The two became one in 1970 when Olive Branch High School was formed and the East Side High building on Pigeon Roost Road became Olive Branch Intermediate School.
The name Conquistador was chosen for the school’s nickname because it was neither white or black, setting aside the Dragons nickname used by East Side High. It was seen as a conqueror to overcome the racial segregation of the past.
On Feb. 3, when Olive Branch meets Pontotoc in the regular season home basketball finale, memories of the past will return when the Quistors and Lady Quistors take the floor…wearing East Side High uniforms.
The East Side Throwback Night will be a nod to the history of East Side High and an appropriate introduction to February as Black History Month. It is a concept first thought of by Olive Branch boys’ basketball coach Eric Rombaugh, who said he thought of it when the gymnasium was named for former coach Charlie Bibbs a couple of years ago.

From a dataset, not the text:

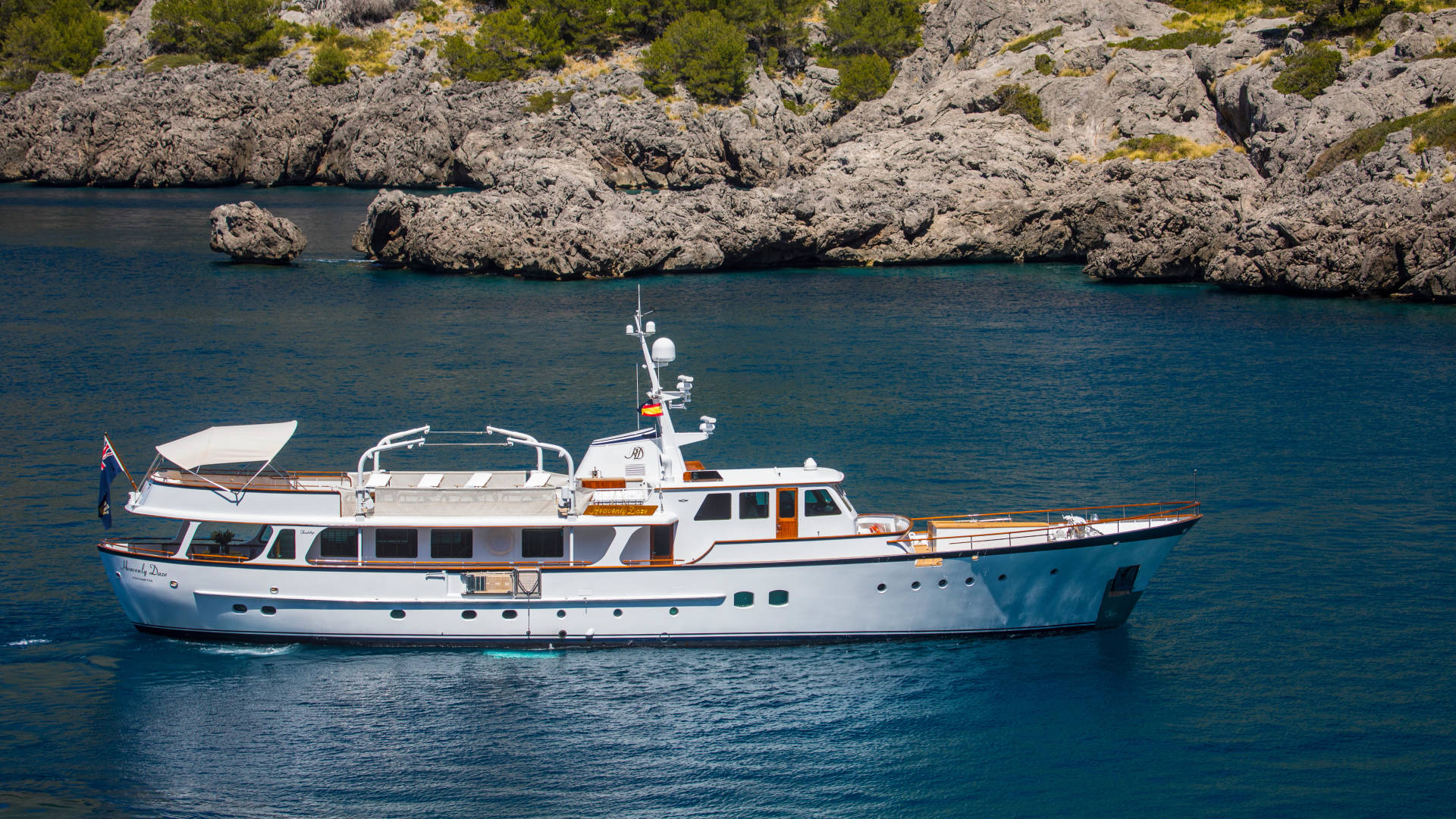 A classic white yacht cruises through the deep blue waters near a rocky, tree-lined coast.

“Before there was Olive Branch, Center Hill, Lewisburg, and DeSoto Central, there were a couple of schools in Olive Branch and East Side High was one of them,” Rombaugh said. “There are people who come to our games whose mother or father played for East Side. It’s history as the school goes but those people that were part of East Side are part of who Olive Branch is today.”
Rombaugh, girls’ basketball Jason Thompson, and Mark Guy, an Olive Branch resident who had family members graduate from East Side High, have been working together to plan for Throwback Night on Feb. 3.

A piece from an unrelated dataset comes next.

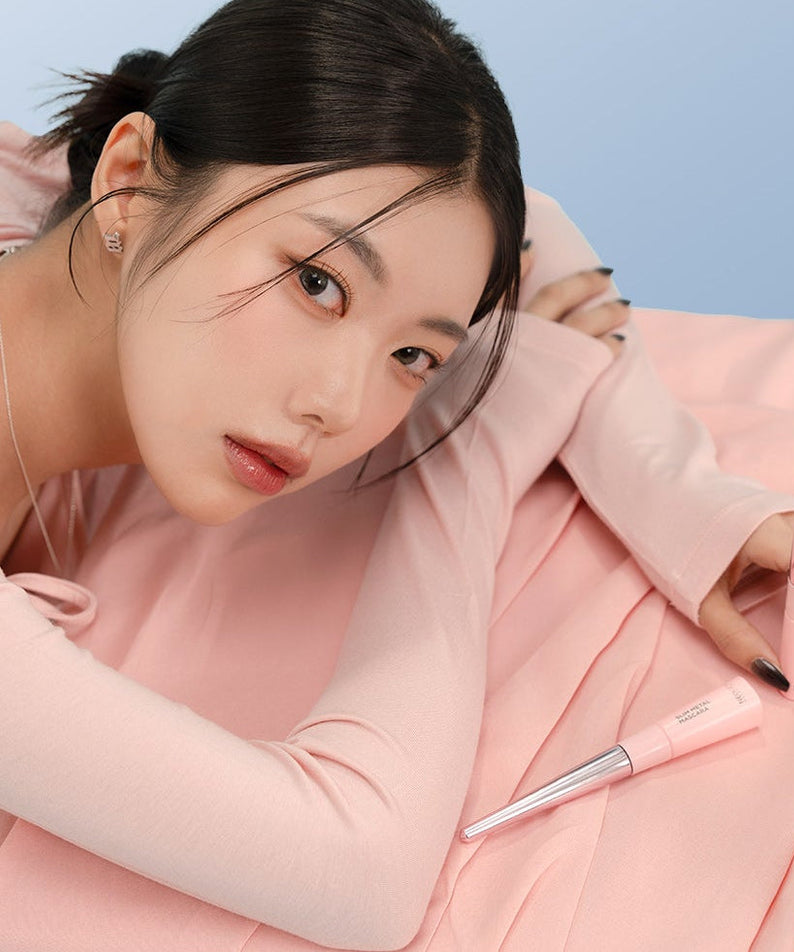 Woman posing with NEOGEN Slim Metal Mascara 6ml on a pink fabric background.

“I was here about two months ago sitting in the stands (at a game), I saw someone who was an East Side graduate and that brought it back to me,” Guy said about his first conversation with Rombaugh about the concept. “We started raising money for the jerseys, gave a price and started going at it.”
The jerseys will reflect the East Side colors of Black and Gold. Coaches will also wear apparel to acknowledge a throwback to the ’60s when East Side was in operation.
Thompson said the night will honor both East Side and Black History Month.
“As an African-American with the heritage, Black History Month and everything, this makes it special and is something that makes me proud to be a participant in,” Thompson said. “I hope the kids can learn from it and can move forward.”
Guy said alums of East Side are especially being invited to attend the game and to a pre-game mixer in the school auditorium about 4:30 p.m. A ceremony will be held between the girls’ and boys’ games that evening.
Guy said he is grateful that the idea has been encouraged by the coaches and school administration.
“It’s been totally welcomed by coach Rombaugh, welcomed by principal (Jacob) Stripling, and coach Thompson,” Guy said. “Everybody is on cue for this. It gives the students who are here the opportunity to learn history and learn where they came from in order for them to get to the next level.”
Guy added that many students may learn for the first time there actually was an East Side High in the city.
“About 90 percent of them don’t even know there was an East Side High that actually existed, and they went to school there as Olive Branch Intermediate School,” Guy said.
It’s that education that Rombaugh also wants to see happen.
“We bring up the history and tradition here and that’s a lot to look up to,” Rombaugh said. “When the kids come out to compete, they really have to give it everything they got. History has already been hanging in the gym and this is bringing it all together so everybody can understand what East Side actually was.”
“Every time you walk out on the court you not only represent what’s on that jersey but you’re representing the names that sometimes are not on the back,” Thompson said. “It’s those people and their families that actually played for East Side High that’ll be here cheering for them. I’ll harp on the fact that this should mean something and to have pride in that.”
Rombaugh said he wants to see East Side Throwback Night be an annual night in February for the basketball program and something East Side alums can always look forward to.
Thompson adds the night will still involve getting a victory for the teams on the court.
“We’re going to go back in time,” Thompson said. “But we’ll still be here in 2022 and we need to take care of business with that particular uniform on.”